Encompassing Nabokov’s 1970 collection Poems and Problems (minus the chess problems, regrettably), Selected Poems also collects several dozen previously untranslated Russian poems from as early as 1914, when Nabokov was fifteen, as well as nine previously uncollected English poems from as early as 1922, when Nabokov was at Cambridge. Nabokov’s son Dmitri translates the Russian poems that weren’t already translated by Nabokov himself, and Karshan provides an extremely well informed and mostly lucid introduction to the volume, along with just-shy-of-authoritative bibliographical and compositional notes for each poem, generously including Nabokov’s own notes and comments and letter-excerpts whenever available.

The collection begins with the 1914 poem “Music,” which describes a fountain surrounded by the attentive presence of hovering dragonflies and evokes the renewal of souls in a shimmering image of artistic purity. Perhaps recalling the soul-encircled fountain at the end of the Divine Comedy, this early piece is in many ways as good as Nabokov’s poetry gets, creating a delicately balanced image of diaphanous clarity that builds to a kind of epiphany about the nature of artistic creation:


                        With its delicate plashing the fountain
                        has dissolved the sinister shade—
                        the dragonflies’ counterpoint mounting
                        were sparse echoes now-sparkling souls made.


Many of Nabokov’s poems feature an artist such as himself reflecting upon the creative process, and so the poems end up not as an unconnected series of singular inventions (the way most of his novels do), but as interior snapshots of the artist’s thoughts and feelings and experiences. Occasionally the artist-figure in the poems is an altered or ironic or “impersonal” version of their creator, but as a whole we’re meant to feel Nabokov’s own reflections upon whatever image or memory or narrative he conjures up for us in each poem.
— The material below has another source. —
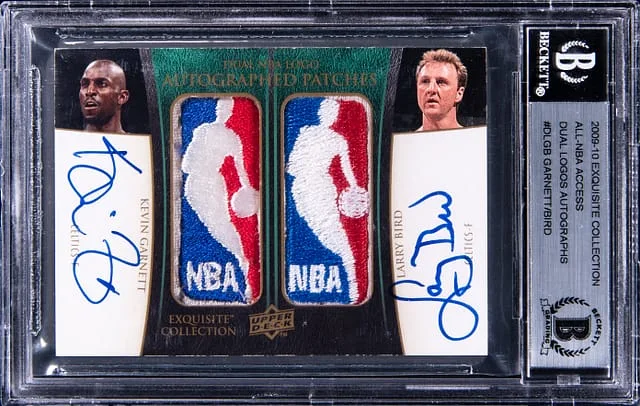 2009-10 UD Exquisite Collection All-NBA Access Dual Logos Autographs Larry Bird/Kevin Garnett #DL-GB card image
This surprisingly naive approach places Nabokov’s poetic mode firmly in the Romanticism of the previous century, with many poems reading like nostalgic evocations of Wordsworth or Coleridge or Keats.

At Cambridge between 1919 and 1922, Nabokov studied classic Russian prosody and rejected the innovations of Modernism, both in Russian and in English. In contemporary Russian, Nabokov admired Bunin and Khodasevich (see Nabokov’s final Russian novel, The Gift, for a detailed view of his poetic ideas and tastes among his Russian contemporaries) and only grudgingly admired the talent (but not the innovation) of Pasternak. Likewise in English, he was an admirer of the Georgian Poets, whose forms and modes were a starkly conservative contrast to the newly emerging inventions of Eliot and Pound, both of whom Nabokov despised and ceaselessly derided throughout his life. Fascinatingly, the magic High Modernist year of 1922 produced both Ulysses, which Nabokov revered as perhaps the greatest of all English-language novels, and The Waste Land, which Nabokov thought ludicrous, and this divergence in taste tellingly marks Nabokov’s own artistic destiny. Within a few years, he largely set aside poetry and focused his main efforts on novel-writing, which he would pursue with a mind-bending boldness and a curiosity that was entirely lacking in his poetry.
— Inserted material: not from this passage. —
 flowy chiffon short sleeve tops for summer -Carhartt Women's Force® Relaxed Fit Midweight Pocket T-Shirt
His poems thus stand as tiny windows into the mind of a great artist in creative or personal or historical reflection, and even though few of them are terrifically remarkable in and of themselves, they offer delicious glimpses of a man whose persona is often as rich a presence to his readers as are his works themselves. To the devoted Nabokovian, these glimpses add vivid texture to the life and inner self found in his memoir, letters, interviews, and lectures. One of the more significant early poems, “The University Poem,” is a thirty-five page verse novella inspired in form and content by Eugene Onegin, and in it Nabokov narrates a languid and melancholy first-person account of a young Russian exile’s experiences at Cambridge. Not exactly the dilettante/dandy of Eugene Onegin (and not exactly Nabokov, either), the narrator is a listless rememberer whose fatalism colors a necessarily short-lived love affair, with the poem subtly reflecting on the narrator’s and author’s temporary sense of life disconnected from their original country and language.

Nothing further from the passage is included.